╭─ Supplied data

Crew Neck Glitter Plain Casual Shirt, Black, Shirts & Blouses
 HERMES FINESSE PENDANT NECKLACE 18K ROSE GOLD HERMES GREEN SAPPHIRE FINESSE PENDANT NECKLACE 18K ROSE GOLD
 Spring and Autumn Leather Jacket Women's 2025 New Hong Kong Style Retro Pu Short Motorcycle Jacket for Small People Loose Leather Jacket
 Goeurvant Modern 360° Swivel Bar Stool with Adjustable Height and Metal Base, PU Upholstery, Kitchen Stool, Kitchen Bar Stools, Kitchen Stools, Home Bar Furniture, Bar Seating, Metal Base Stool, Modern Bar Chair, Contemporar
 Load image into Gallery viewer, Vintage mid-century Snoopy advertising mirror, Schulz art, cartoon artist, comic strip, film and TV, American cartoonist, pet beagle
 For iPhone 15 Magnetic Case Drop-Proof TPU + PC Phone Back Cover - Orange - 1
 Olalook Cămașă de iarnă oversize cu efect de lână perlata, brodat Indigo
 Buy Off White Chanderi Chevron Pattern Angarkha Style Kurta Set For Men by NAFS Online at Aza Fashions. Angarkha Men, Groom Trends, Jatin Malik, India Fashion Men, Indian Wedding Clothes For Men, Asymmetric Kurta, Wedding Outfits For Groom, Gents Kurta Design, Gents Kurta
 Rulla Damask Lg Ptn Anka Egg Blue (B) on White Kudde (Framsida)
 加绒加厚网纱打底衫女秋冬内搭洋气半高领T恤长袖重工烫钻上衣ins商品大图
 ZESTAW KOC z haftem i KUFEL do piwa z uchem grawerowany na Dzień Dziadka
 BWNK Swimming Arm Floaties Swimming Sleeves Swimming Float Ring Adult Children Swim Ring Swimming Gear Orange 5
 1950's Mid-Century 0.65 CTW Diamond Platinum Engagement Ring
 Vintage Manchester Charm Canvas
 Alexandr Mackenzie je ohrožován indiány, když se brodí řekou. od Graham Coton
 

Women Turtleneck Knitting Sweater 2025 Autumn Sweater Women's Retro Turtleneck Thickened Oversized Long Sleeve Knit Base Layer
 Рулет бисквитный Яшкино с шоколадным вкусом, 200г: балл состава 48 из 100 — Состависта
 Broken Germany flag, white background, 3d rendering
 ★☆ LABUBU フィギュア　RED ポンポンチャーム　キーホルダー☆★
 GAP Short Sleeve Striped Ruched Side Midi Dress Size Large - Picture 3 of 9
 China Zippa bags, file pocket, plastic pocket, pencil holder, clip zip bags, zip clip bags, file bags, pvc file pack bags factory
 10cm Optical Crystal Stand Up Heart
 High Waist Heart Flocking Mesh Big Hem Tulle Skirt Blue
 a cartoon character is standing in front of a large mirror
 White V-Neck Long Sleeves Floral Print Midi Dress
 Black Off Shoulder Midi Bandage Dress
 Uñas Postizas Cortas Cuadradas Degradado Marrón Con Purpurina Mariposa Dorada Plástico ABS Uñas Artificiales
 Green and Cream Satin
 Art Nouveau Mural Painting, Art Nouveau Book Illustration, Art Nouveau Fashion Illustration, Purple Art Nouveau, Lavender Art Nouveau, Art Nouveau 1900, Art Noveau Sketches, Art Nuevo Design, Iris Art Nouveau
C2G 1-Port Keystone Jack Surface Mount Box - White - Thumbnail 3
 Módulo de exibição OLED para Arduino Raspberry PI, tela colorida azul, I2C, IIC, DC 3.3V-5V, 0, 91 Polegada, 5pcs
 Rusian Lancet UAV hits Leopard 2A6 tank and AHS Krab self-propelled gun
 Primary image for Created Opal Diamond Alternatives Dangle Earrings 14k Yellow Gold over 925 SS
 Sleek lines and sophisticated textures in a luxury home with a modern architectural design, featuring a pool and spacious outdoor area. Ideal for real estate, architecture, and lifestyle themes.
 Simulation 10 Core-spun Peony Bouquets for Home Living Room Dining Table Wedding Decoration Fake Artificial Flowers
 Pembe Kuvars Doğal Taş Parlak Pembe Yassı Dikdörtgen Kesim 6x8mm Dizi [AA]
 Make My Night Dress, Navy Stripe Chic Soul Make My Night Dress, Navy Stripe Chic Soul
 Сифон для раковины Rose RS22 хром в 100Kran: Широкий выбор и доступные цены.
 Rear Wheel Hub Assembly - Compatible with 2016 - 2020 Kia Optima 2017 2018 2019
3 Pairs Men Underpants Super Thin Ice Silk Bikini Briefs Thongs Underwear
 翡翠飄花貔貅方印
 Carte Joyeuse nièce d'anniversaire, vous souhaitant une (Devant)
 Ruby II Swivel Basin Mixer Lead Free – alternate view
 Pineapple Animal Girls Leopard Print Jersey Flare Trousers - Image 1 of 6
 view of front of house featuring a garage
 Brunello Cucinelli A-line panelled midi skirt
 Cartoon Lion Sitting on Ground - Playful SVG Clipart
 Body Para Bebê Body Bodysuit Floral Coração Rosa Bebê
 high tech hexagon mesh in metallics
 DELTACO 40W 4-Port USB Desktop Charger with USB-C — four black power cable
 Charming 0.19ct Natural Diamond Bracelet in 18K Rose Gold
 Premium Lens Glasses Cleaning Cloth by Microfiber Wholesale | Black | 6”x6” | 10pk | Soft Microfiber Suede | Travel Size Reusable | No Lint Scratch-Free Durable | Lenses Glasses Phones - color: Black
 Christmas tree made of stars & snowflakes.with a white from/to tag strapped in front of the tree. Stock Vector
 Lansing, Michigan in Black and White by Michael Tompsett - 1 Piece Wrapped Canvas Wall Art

╰─

== Task ==
Copy out, exactly and alone, the lines of the entries above between the ones holding "a cartoon character" and "Módulo de exibição", inclusive.

== Written reply ==
 a cartoon character is standing in front of a large mirror
 White V-Neck Long Sleeves Floral Print Midi Dress
 Black Off Shoulder Midi Bandage Dress
 Uñas Postizas Cortas Cuadradas Degradado Marrón Con Purpurina Mariposa Dorada Plástico ABS Uñas Artificiales
 Green and Cream Satin
 Art Nouveau Mural Painting, Art Nouveau Book Illustration, Art Nouveau Fashion Illustration, Purple Art Nouveau, Lavender Art Nouveau, Art Nouveau 1900, Art Noveau Sketches, Art Nuevo Design, Iris Art Nouveau
C2G 1-Port Keystone Jack Surface Mount Box - White - Thumbnail 3
 Módulo de exibição OLED para Arduino Raspberry PI, tela colorida azul, I2C, IIC, DC 3.3V-5V, 0, 91 Polegada, 5pcs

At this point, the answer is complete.